Las escuelas públicas han dejado de ser lo que fueron por muchos años: auténticos templos del saber.

Antaño, simbolizaban la fuente de la disciplina y el estudio en la que niños y adolescentes abrevaban las esencias de la moral, el respeto y el amor a la patria.

Sus maestros, iconos de la sabiduría y la autoridad, respetados y admirados, eran una extensión de las familias, los segundos padres a quienes se les confiaba la educación de los alumnos.

Con el devenir del tiempo, esos valores han sucumbido y ahora la escuela pública, casi en sentido general, no es una real garantía para que los alumnos estudien y aprendan a formarse como buenos ciudadanos.

Prevalece un conflicto que luce insalvable entre la capacidad de los docentes para trasmitir los conocimientos básicos y la pereza o el desinterés de muchos alumnos en el aprendizaje de las materias formativas.

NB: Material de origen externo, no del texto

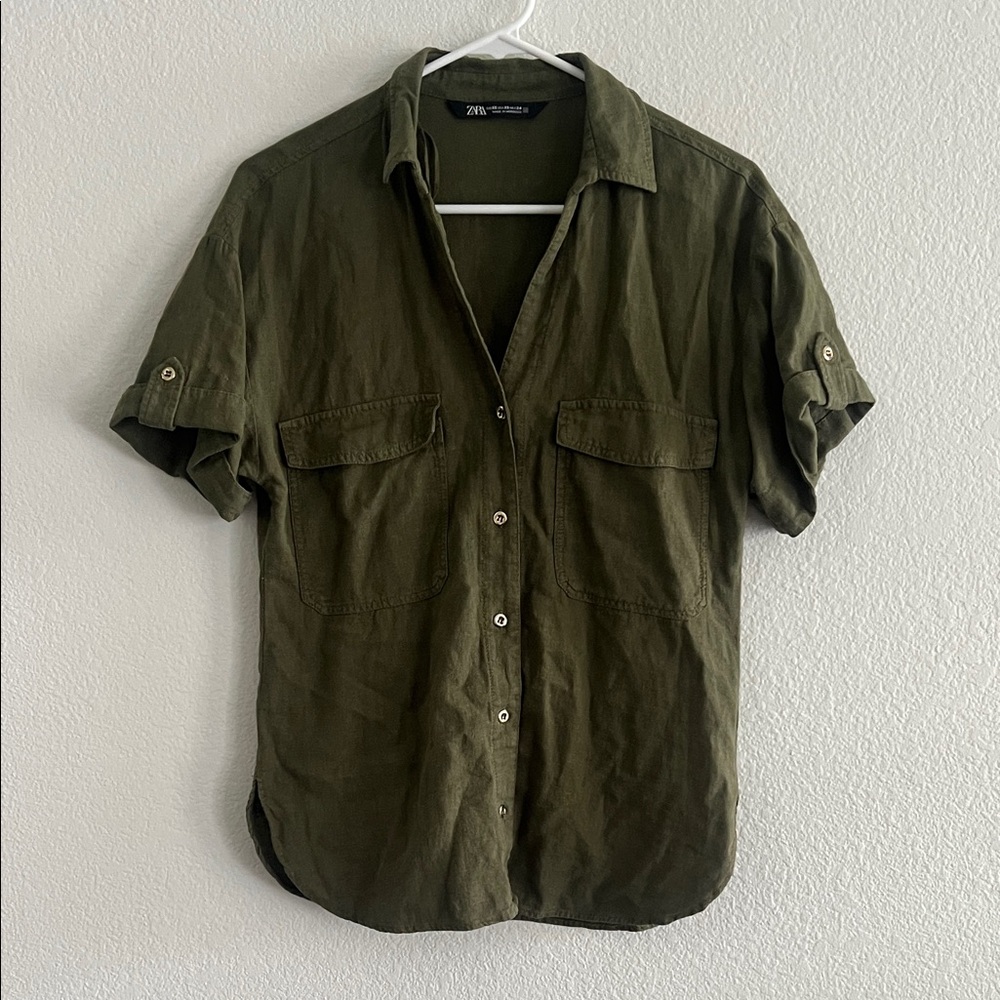 Zara Women’s Olive Green Casual Button Down Shirt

A menudo, las escuelas se asemejan a antros de perversión, en los que se reproducen las riñas, las adicciones a sustancias dañinas y todas las formas de desacato que caracterizan a la sociedad.

Ahora son comunes las escenas de sexo abierto, homosexualidad, irrespetos verbales mutuos y peleas entre profesores y alumnos, todo lo cual es una prueba de que la disciplina se ha perdido y que el docente ha dejado de ser una figura reverente.

Si la escuela está llamada a ser una fragua del conocimiento y del saber, núcleo primordial de la educación en la familia y la sociedad, esa cualidad prácticamente se ha ido evaporando.

Ni una cosa ni la otra parecen seguras bajo un modelo degradado, contaminado por la inmoralidad, el irrespeto y la falta de compromiso entre docentes y alumnos para la construcción de una mejor sociedad.

Duele admitir que poco falta para cantarle su réquiem.